Perundingan mengenai cara menghidupkan kembali kesepakatan nuklir Iran 2015 akan dimulai kembali pada 29 November di Austria, kata ketua juru runding Iran, Rabu (3/11).
“Kami setuju untuk memulai perundingan, yang bertujuan untuk mencabut sanksi-sanksi yang melanggar hukum serta tidak berperikemanusiaan, pada 29 November di Wina,” kata ketua negosiator Iran, Ali Bagheri, melalui Twitter.
Pernyataan Bagheri itu kemudian dibenarkan oleh Amerika Serikat dan Uni Eropa melalui pernyataan yang mereka keluarkan.

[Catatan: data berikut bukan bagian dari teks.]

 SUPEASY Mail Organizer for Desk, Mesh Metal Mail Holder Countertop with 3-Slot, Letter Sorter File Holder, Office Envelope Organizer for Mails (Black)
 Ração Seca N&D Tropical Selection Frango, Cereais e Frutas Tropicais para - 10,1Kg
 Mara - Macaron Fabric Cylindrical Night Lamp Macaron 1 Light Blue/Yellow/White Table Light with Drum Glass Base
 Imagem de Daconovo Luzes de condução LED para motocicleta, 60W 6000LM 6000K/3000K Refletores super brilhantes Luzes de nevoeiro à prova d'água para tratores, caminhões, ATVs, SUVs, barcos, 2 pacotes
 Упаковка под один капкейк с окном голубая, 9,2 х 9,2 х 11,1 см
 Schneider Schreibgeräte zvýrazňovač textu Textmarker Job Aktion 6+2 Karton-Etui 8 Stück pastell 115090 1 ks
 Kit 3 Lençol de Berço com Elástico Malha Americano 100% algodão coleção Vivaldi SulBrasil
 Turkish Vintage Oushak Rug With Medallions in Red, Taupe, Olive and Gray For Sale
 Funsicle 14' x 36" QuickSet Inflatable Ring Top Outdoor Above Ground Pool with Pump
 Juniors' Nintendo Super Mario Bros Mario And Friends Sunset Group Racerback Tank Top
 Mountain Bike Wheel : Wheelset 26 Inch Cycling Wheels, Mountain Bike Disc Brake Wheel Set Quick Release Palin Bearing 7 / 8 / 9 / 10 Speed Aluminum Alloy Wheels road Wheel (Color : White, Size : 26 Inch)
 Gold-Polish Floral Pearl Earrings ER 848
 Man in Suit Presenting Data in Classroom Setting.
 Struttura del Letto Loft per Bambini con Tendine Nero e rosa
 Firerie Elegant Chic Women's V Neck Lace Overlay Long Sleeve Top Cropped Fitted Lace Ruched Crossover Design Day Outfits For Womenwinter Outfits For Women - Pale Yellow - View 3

Rencana pembicaraan 29 November itu diungkapkan pada saat negara-negara Barat khawatir atas kemajuan nuklir Iran.
Teheran dan enam kekuatan dunia pada April sudah mulai membahas upaya untuk menyelamatkan pakta nuklir Iran.
Pakta memudar sejak 2018, yakni ketika presiden Amerika Serikat saat itu –Donald Trump– menarik AS keluar dari perjanjian tersebut.
Selain itu, pemerintahan Donald Trump juga memberlakukan kembali sanksi-sanksi terhadap Iran.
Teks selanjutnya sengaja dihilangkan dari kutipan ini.